Exercise inputs:
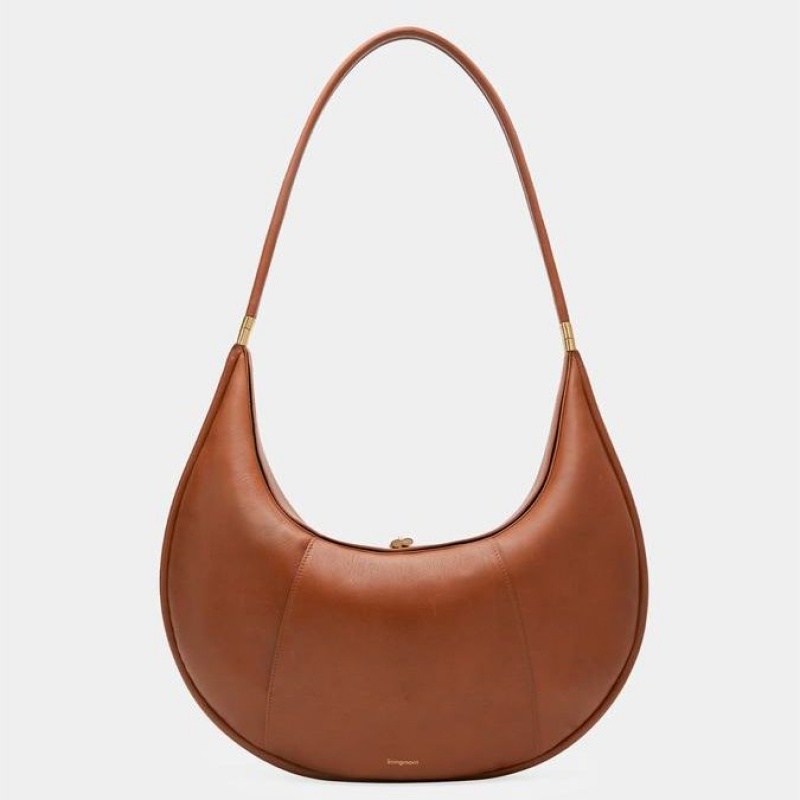 Songmont Large Luna Bag Brown | IRELAND BDGEW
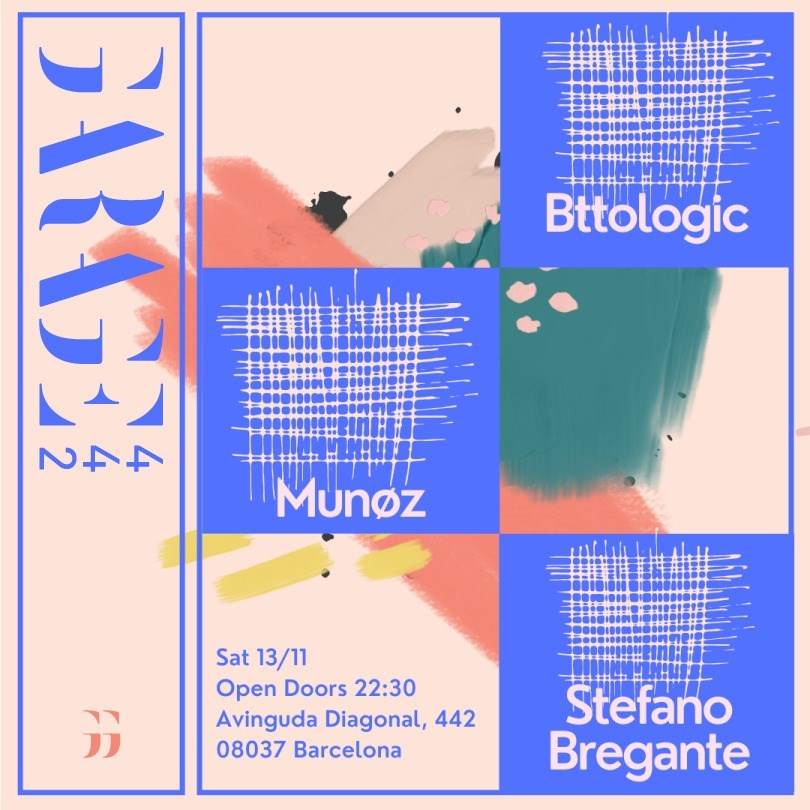 Bttologic // Munøz // Stefano Bregante - Página frontal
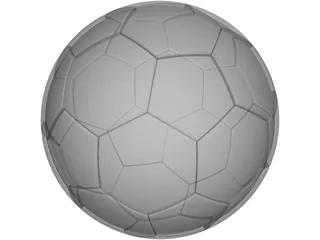 Futebol de Botão / Button Soccer, 3D CAD Model Library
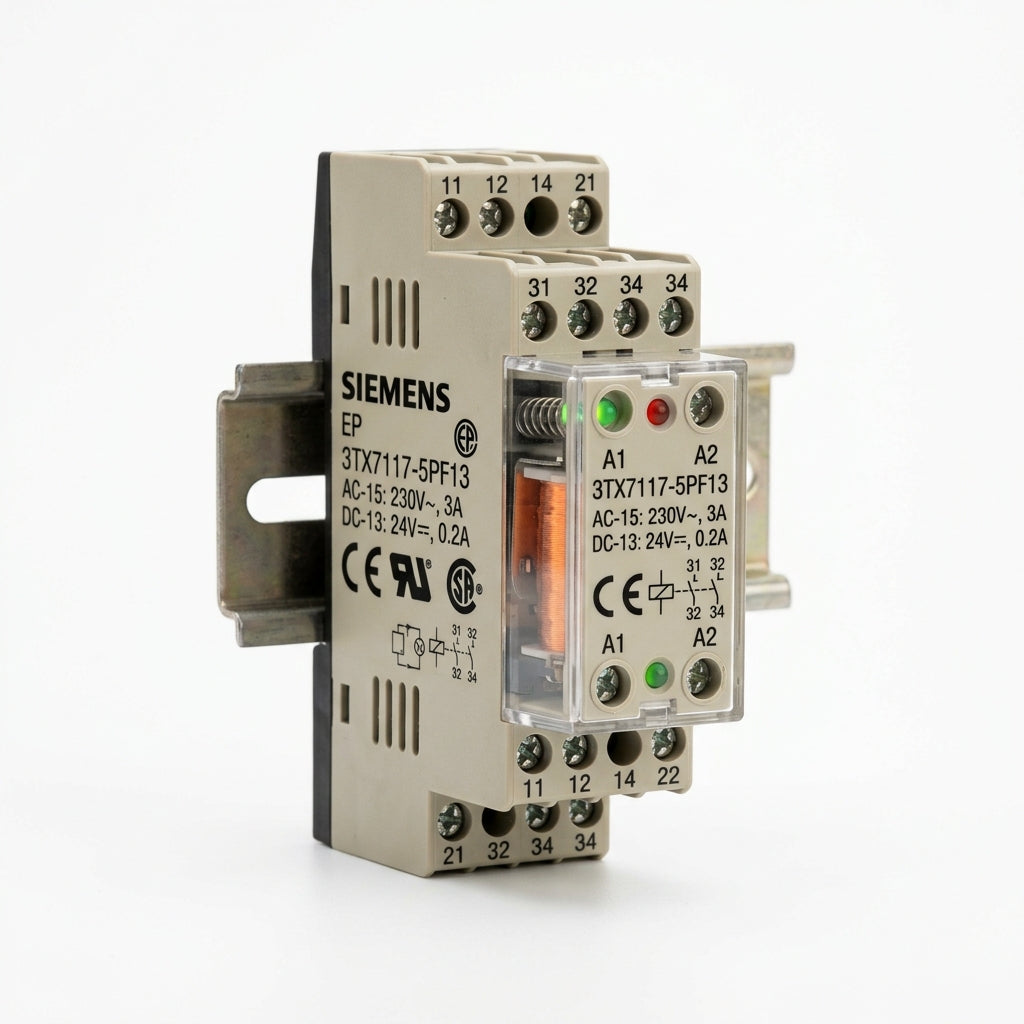 SIEMENS/EP 3TX7117-5PF13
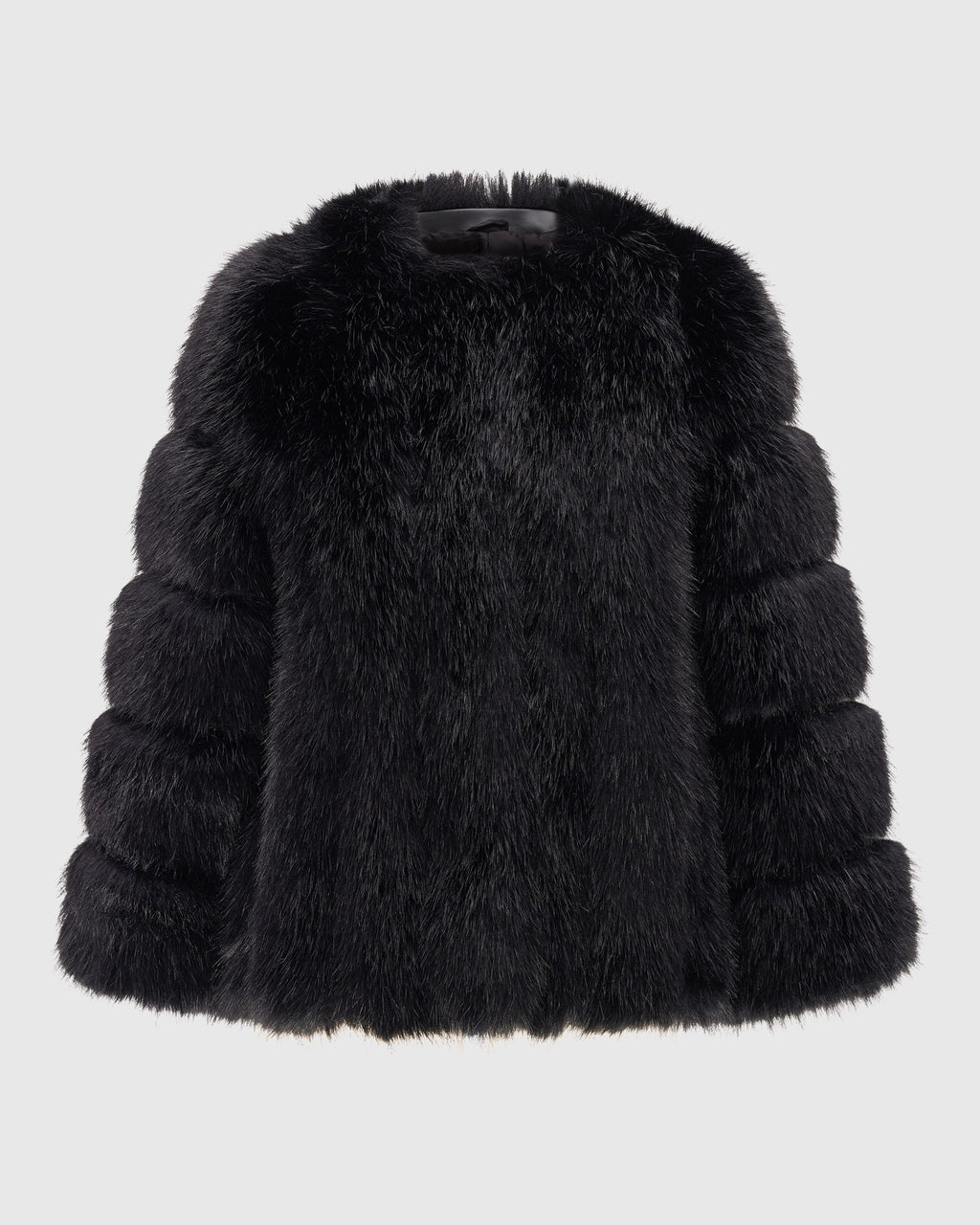 FUR-FREE FOX (FAUX FUR) JACKET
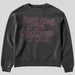 I Will Sing Boxy Crew Fleece 2XL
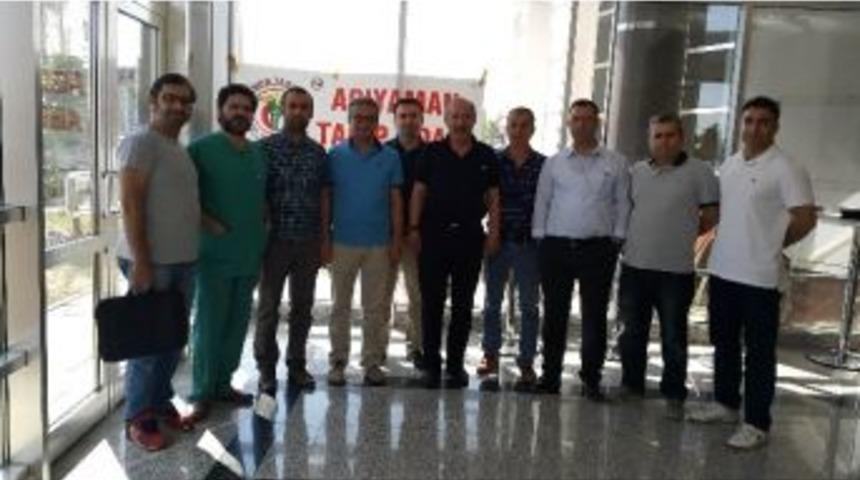 Adıyaman Tabip Odası Hekimlerin Sorunlarını Dinledi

Aim of the exercise:
Omit the pictures and please write out exactly the lines between the one containing "Futebol de Botão" and the last line of the entries, both included.

Your response:
 Futebol de Botão / Button Soccer, 3D CAD Model Library
 SIEMENS/EP 3TX7117-5PF13
 FUR-FREE FOX (FAUX FUR) JACKET
 I Will Sing Boxy Crew Fleece 2XL
 Adıyaman Tabip Odası Hekimlerin Sorunlarını Dinledi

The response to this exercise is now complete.